■ Exercise ■
Copy out the records in full, word for word, without pictures.

-- Opening Marker --

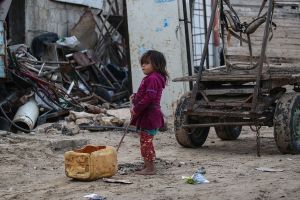 EU Contributes EUR 5 Million for Palestine Refugees in Blockaded Gaza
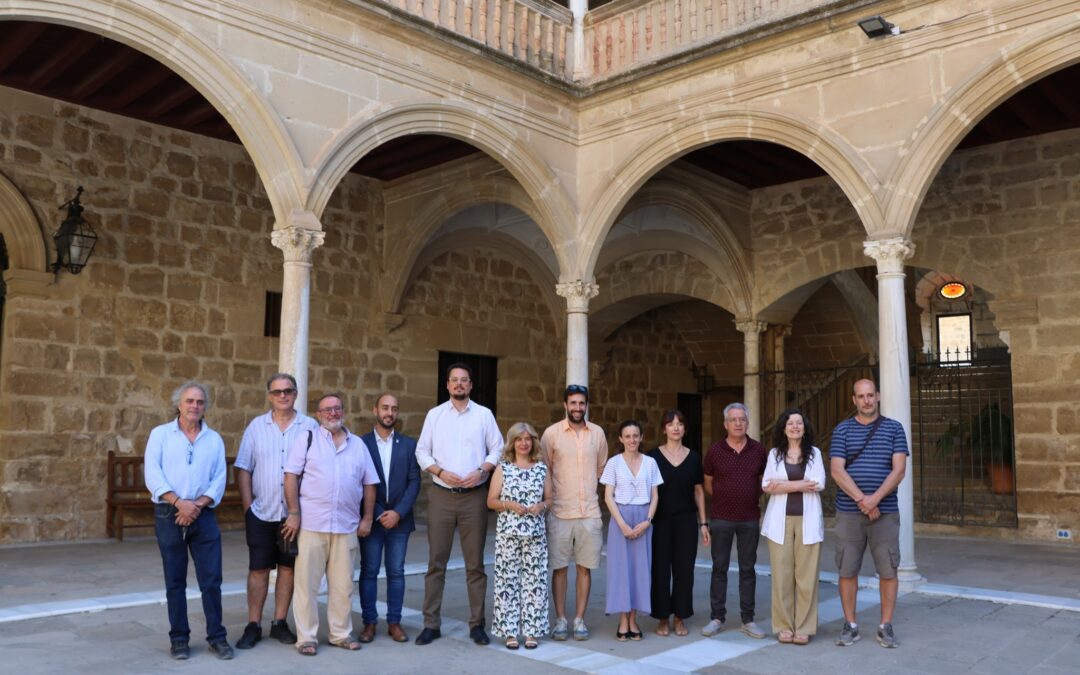 La artesanía de la ciudad de Úbeda participará por primera vez en la feria Maison Objet de París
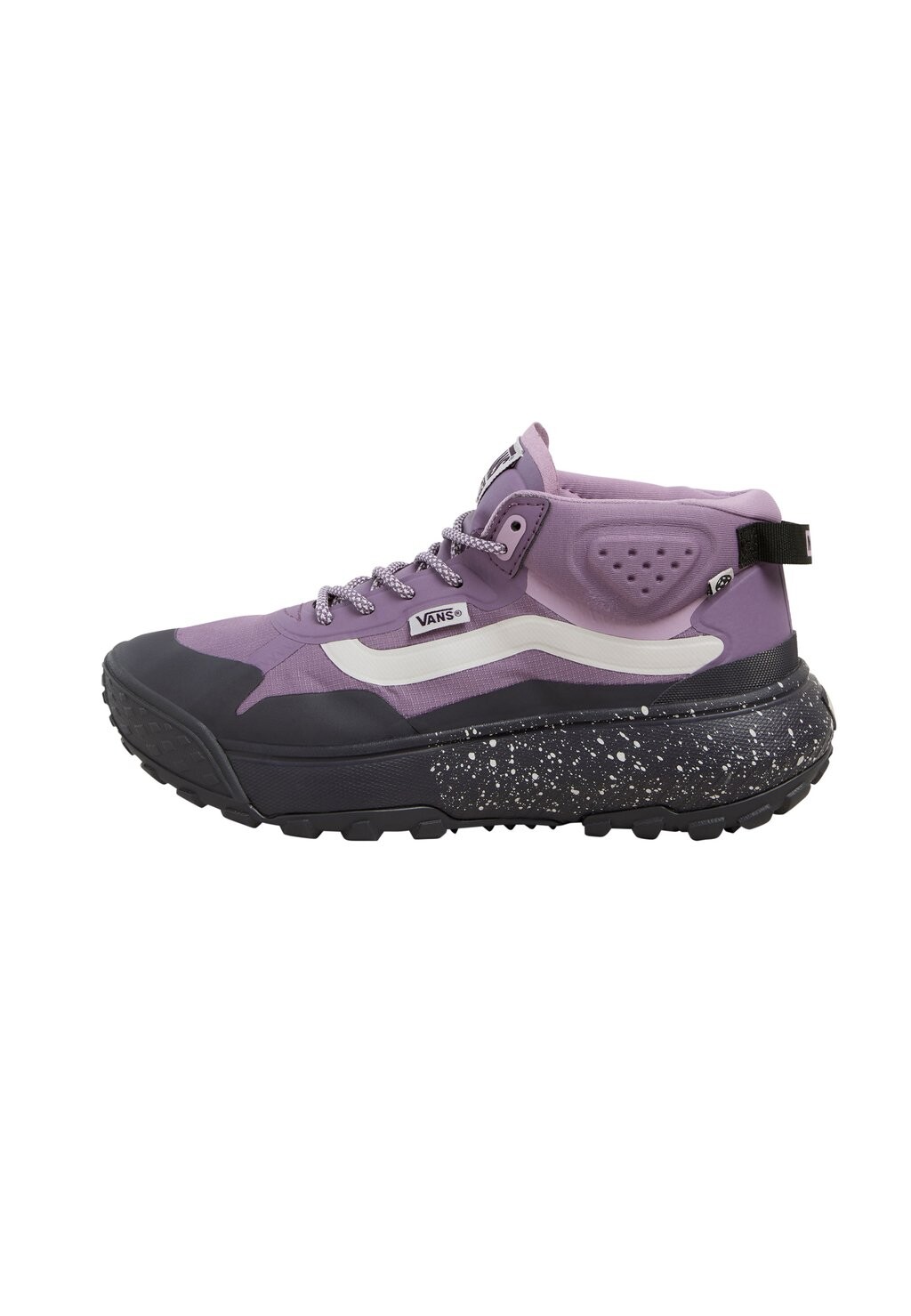 

Высокие кроссовки MTE CROSSPATH MID Vans, темно-фиолетовый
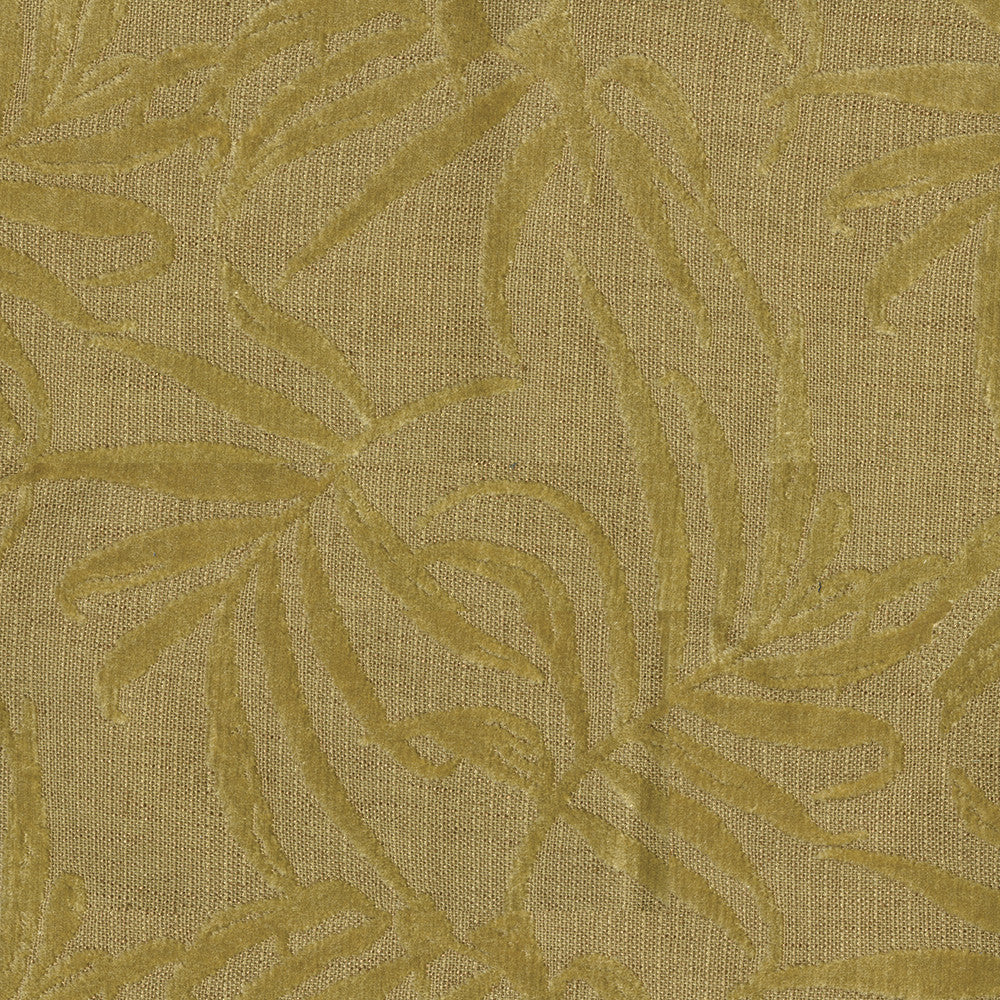 Stem 605 Burnish by ABBEYSHEA Designer Fabric 74% Polyester, 27% Viscose, 5% Linen China 30,000 Double Rubs (Wyzenbeek) </p><p>Repeat: Horizontal: 22.44" (56.90 cm) Up the Roll and Vertical: 13.78" (35 cm) Across the Roll 55" (140 cm) - Swanky Fabrics -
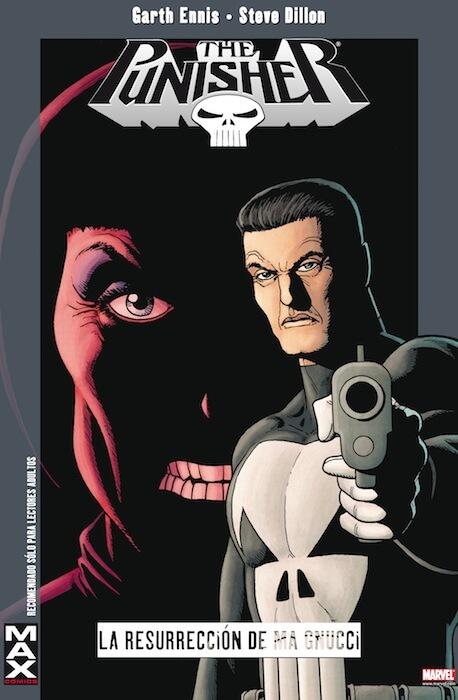 Punisher: La Resurrección de Ma Gnucci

-- Closing Marker --

■ Your solution ■
 EU Contributes EUR 5 Million for Palestine Refugees in Blockaded Gaza
 La artesanía de la ciudad de Úbeda participará por primera vez en la feria Maison Objet de París

Высокие кроссовки MTE CROSSPATH MID Vans, темно-фиолетовый
 Stem 605 Burnish by ABBEYSHEA Designer Fabric 74% Polyester, 27% Viscose, 5% Linen China 30,000 Double Rubs (Wyzenbeek) </p><p>Repeat: Horizontal: 22.44" (56.90 cm) Up the Roll and Vertical: 13.78" (35 cm) Across the Roll 55" (140 cm) - Swanky Fabrics -
 Punisher: La Resurrección de Ma Gnucci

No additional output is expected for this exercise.